Malory Towers at York Theatre Royal

Darrell Rivers is starting school with an eager mind and fierce heart. Unfortunately she also has a quick temper! Can she learn to tolerate the infuriating Gwendoline Lacey, or value the kind hearted Sally Hope? Can she save the school play and rescue terrified Mary Lou from the grip of a raging storm? If she can do these things anywhere, she will do them at Malory Towers!

Adapted and directed by Emma Rice this is a show for girls, boys, and all us grown up children who still dream of midnight feasts and Cornish clifftops. 

The production opens at The Passenger Shed in Wise Children’s home city of Bristol in July, then tours to venues across the UK including Cambridge, Exeter, Manchester and Oxford as well as York.  The show is officially licensed by Enid Blyton Entertainment, a division of Hachette Children’s Group (HCG). Karen Lawler, Head of Licensed Content at HCG, says: “Enid Blyton created incredible female characters at Malory Towers: strong, capable and always, always kind. ‘Women the world can lean on,’ in Enid’s own words. We share Emma’s passion for these characters and we couldn’t be more excited to see Emma’s vision of Malory Towers come to life.”

 

Emma Rice on Malory Towers…

“I’ve always been drawn to the years that followed the Second World War.

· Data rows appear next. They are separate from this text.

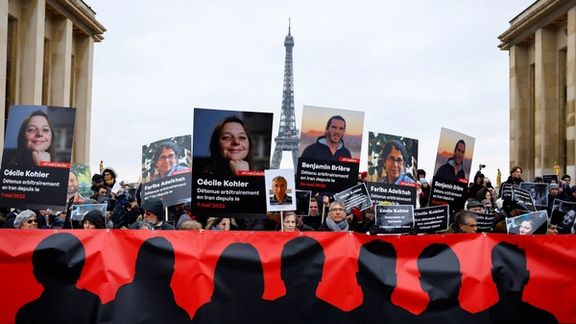Supporters and relatives of French citizens detained in Iran, Cecile Kohler, Benjamin Briere, Jacques Paris and Fariba Adelkhah, gather in front of the Eiffel Tower during a rally demanding their release, in Paris, France, January 28, 2023.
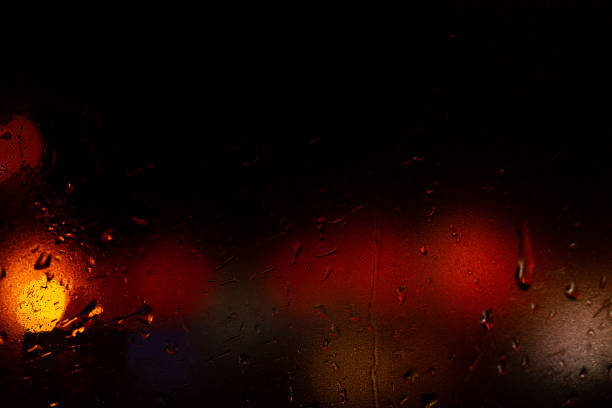 istock Night colorful big city lights through car windshield.Light are defocused and blurred. Focus on windshield. Underexposed photo. 1126745711
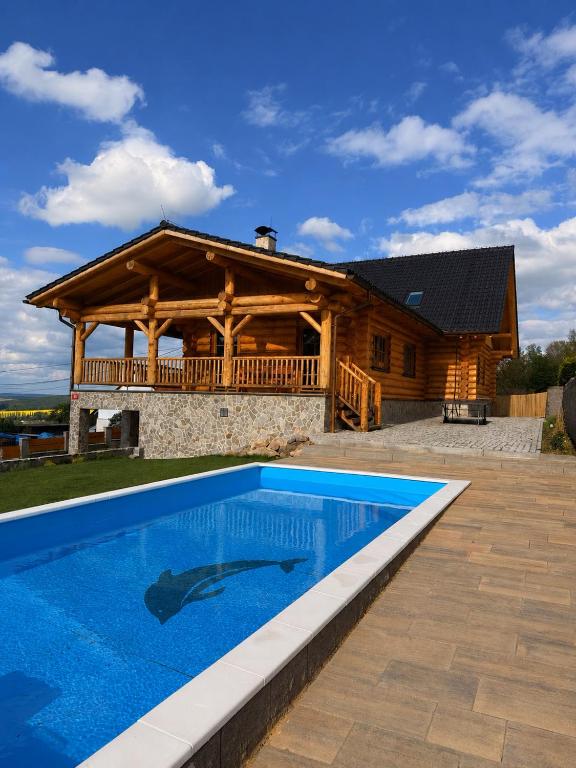 a log cabin with a swimming pool in front of a house at Srub Chodov in Chodov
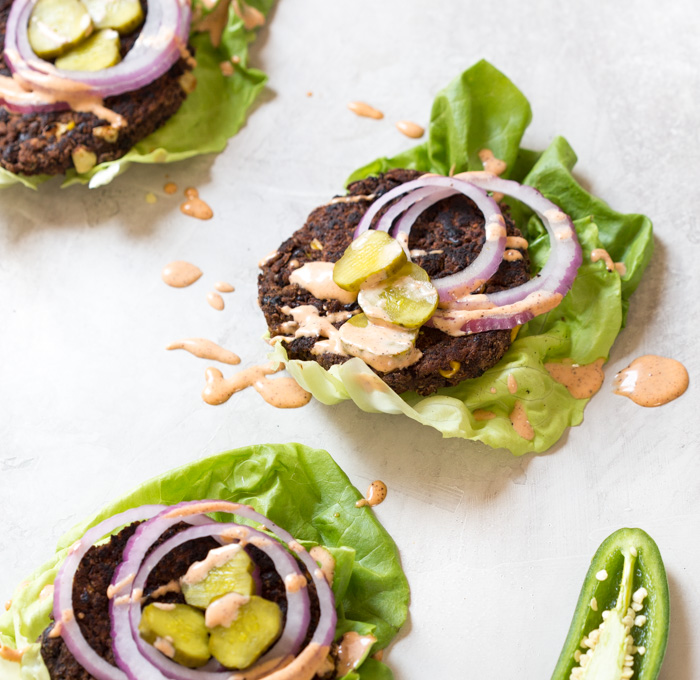 Skillet Jalapeño Black Bean Burgers... the cast iron skillet is the game changer for cooking black bean burgers especially if you're vegetarian or vegan because skillet = perfect for the grill!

It’s a time that feels close enough to touch, as I vividly remember my grandparents and how the war affected their lives. My Mum’s parents – poor and largely uneducated – decided that their children would have access to all the things that they hadn’t. I don’t know how they managed it on a railway worker’s pay, but my mother was sent to a remote grammar school in Dorset: Lord Digby’s School for Girls.

 

“Whilst not a boarding school, Lord Digby’s was an extraordinary place of learning that changed my mother’s, and by extension my own, life. The tendrils of passion and education that Lord Digby’s stood for reach out across 60 years and more. They reached out over my inner city comprehensive education and have shaped my own beliefs and choices to this day.

 

“My adaptation of Malory Towers is dedicated to the generation of women who taught in schools in that period. With lives shaped by the savagery of two wars, these teachers devoted themselves to the education and nurture of other women. It is also for the two generations of men that died in those same wars, leaving us with the freedom to lead meaningful, safe and empowered lives. And it is for Clement Attlee and his Labour government of 1945 who looked into the face of evil and chose to do what was right. These people changed the political landscape in their focus on care, compassion and the common good.

 

“Malory Towers was written at the heart of this political revolution, and embodies a kindness, hope and love of life that knocks my socks off. ‘Long live our appetites and may our shadows never grow less!’ the girls cry.

 

“My mother wrote to her teachers at Lord Digby’s until they died and is still friends with many of the girls she met there. And when I see my Mum, born into the poorest of rural backgrounds, enjoying Dickens and Almodovar and speaking French to her childhood pen-friend, I am stopped in my tracks. She went on to dedicate her life to the NHS and the helping of others whilst never losing her appetite for life, culture and hope. I salute her, and I cheer the education that threw this mind and soul into the air and said, “be a woman that the world can lean on”.

 

“So that’s why I am making Malory Towers, with gratitude, hope and sheer pleasure! I call it my ‘Happy Lord of the Flies’ and it is joyfully radical to its bones. Imagine a world where (left to their own devices), people choose kindness. Imagine a world where difference is respected and arguments resolved with thought and care. Imagine a world that chooses community, friendship and fun. Now that’s a world I want to live in and, at Malory Towers, you can!”